Comb-bind the books. Experience has proven that this kind of binding will survive through an entire quarter, where other kinds may not. In addition to being durable, comb-binding is also inexpensive, at least if the church possesses its own comb-binder and volunteers to do the binding.
Double-side the pages. In addition to sparing the conscience of anyone who balks at the unnecessary murder of trees, double-siding also costs the church half as much paper. All of these books have been designed to be double-sided.
Print the covers at an office-supply store. The covers of most of these books look miserable and unprofessional if printed in black-and-white on the church photocopier. Printing 60 covers on an inkjet printer is expensive, time-consuming, and still doesn’t look as nice. Most office-supply stores, Staples, OfficeMax, etc., have a custom printing department with large, capable color-laser printers, and they will typically print photo-quality covers on cardstock for around a dollar a page. The covers will look their best if printed in this way, and they contribute a professional air to the Bible class, which leads to members and visitors alike taking the study more seriously. Of course, if your congregation has a good-quality color laser printer, this is unnecessary.

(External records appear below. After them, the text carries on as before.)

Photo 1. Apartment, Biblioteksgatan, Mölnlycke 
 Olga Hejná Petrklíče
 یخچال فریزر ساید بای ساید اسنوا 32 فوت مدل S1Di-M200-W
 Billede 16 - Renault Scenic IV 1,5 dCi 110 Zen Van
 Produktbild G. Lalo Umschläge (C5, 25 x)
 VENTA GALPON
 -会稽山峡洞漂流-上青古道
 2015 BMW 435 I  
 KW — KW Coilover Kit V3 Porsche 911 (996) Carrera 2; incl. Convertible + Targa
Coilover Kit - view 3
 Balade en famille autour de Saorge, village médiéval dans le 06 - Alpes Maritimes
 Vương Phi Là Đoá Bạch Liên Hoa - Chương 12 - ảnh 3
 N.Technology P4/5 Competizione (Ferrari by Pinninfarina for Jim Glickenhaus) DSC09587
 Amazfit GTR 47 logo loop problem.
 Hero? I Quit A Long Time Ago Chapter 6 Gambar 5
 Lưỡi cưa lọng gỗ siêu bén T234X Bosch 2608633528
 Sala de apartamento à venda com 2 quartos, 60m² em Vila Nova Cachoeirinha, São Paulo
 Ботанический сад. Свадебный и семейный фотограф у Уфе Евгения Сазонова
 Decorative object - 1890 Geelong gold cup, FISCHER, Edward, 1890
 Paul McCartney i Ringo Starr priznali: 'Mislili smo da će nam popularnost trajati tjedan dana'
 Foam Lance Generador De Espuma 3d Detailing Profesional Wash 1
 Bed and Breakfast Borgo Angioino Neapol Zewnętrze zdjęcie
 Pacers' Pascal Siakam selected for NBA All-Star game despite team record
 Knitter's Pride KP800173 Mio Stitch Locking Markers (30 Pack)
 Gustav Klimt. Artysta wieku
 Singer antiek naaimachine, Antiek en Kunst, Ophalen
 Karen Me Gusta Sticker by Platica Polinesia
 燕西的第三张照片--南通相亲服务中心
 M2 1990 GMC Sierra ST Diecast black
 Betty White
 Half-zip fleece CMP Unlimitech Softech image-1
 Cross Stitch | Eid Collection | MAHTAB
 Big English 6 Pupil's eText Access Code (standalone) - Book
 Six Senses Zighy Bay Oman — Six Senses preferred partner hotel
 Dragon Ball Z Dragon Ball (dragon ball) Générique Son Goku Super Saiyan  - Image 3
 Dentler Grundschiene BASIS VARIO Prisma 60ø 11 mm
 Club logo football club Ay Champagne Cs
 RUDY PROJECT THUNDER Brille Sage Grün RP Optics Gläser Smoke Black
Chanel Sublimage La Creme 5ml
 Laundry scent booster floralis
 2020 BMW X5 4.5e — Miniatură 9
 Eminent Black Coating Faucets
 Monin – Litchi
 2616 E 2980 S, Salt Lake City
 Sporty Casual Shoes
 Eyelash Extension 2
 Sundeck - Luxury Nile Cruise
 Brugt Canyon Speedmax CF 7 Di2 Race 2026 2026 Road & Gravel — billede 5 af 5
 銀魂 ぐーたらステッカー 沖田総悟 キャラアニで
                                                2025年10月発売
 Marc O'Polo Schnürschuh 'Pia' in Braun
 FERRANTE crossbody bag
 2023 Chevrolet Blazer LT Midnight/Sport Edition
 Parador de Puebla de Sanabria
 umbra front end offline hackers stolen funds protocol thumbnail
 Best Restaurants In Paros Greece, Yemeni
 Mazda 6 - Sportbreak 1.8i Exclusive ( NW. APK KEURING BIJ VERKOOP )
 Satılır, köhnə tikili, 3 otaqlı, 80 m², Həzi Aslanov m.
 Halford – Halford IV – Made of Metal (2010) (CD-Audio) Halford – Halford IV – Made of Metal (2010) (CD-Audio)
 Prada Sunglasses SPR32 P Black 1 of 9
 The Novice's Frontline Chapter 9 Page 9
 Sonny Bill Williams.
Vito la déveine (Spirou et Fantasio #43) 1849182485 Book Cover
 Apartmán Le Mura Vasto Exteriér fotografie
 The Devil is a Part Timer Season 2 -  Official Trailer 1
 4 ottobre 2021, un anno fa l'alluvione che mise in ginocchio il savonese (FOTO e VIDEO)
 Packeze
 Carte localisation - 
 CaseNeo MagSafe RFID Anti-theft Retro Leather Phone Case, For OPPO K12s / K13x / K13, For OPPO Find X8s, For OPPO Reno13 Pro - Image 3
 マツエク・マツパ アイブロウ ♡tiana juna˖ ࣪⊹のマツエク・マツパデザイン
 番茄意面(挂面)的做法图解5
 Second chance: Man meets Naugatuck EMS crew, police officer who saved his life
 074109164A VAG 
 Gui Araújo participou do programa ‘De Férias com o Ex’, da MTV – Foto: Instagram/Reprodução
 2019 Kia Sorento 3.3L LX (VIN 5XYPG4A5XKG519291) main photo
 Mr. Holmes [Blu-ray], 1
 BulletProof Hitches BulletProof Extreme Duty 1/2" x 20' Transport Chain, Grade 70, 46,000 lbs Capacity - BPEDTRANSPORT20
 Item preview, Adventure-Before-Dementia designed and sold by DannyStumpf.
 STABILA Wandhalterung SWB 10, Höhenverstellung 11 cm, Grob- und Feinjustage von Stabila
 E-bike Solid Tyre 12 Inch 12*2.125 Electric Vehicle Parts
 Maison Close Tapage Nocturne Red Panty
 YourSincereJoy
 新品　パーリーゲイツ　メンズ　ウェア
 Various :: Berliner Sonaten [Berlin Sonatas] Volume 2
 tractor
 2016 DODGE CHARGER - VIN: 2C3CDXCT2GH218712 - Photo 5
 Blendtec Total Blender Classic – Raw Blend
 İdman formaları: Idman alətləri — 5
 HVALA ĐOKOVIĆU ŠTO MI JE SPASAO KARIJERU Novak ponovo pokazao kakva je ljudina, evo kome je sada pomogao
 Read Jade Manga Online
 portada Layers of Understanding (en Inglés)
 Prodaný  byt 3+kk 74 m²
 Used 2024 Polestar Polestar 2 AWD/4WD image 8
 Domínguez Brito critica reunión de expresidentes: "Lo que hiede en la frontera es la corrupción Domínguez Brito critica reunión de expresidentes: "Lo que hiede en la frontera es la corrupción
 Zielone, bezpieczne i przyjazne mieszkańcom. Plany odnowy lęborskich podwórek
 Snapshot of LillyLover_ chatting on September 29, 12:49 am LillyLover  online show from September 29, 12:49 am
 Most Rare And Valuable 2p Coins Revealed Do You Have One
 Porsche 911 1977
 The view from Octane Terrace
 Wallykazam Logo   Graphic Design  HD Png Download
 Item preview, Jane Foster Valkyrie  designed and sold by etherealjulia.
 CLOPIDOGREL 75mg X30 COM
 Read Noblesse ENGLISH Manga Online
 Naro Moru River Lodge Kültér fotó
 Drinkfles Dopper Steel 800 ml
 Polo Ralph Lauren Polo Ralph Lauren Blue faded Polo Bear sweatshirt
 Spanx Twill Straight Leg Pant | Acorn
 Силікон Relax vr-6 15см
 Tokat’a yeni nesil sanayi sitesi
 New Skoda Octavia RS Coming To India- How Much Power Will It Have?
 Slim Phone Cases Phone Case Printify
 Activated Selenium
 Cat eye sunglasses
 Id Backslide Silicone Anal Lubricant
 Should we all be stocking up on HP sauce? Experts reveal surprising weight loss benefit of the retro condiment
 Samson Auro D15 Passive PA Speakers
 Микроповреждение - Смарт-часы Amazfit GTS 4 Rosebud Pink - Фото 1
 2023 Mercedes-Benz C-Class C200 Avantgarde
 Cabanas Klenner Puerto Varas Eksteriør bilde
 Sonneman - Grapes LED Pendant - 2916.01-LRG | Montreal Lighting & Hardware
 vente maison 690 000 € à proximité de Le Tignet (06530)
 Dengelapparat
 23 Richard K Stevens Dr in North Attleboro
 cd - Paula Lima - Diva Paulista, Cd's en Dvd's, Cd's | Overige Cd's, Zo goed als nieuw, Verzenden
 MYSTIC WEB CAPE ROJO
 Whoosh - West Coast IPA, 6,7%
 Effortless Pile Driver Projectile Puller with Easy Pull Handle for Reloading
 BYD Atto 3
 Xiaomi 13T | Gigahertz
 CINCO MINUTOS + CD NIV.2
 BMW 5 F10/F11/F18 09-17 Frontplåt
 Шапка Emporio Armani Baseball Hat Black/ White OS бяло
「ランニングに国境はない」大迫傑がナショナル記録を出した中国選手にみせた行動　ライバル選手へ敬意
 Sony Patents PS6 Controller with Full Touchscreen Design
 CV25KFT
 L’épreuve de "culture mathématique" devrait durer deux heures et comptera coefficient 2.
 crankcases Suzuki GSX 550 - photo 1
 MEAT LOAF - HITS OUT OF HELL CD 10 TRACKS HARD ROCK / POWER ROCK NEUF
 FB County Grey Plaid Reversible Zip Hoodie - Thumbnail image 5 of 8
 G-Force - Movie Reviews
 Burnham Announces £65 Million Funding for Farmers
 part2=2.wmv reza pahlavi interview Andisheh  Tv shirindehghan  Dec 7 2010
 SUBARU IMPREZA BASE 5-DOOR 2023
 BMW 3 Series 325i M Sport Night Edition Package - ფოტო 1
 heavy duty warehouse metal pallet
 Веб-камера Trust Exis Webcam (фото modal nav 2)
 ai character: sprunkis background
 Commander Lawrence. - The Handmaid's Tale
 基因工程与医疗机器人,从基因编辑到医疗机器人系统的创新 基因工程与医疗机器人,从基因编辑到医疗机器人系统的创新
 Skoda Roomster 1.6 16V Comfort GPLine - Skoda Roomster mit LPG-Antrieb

For Newer Books: Note that all the books from mid-2008 on are laid out in a half-page, landscape format. If you print these books off single-sided, or comb-bind them as is, they will make no sense. Instead, they are designed to be folded into a half-page booklet. In other words, the back of the last page as you print them off will be the inside page of the booklet. If you fold them and the cover in this way, you can simply staple them along the spine to produce the workbook.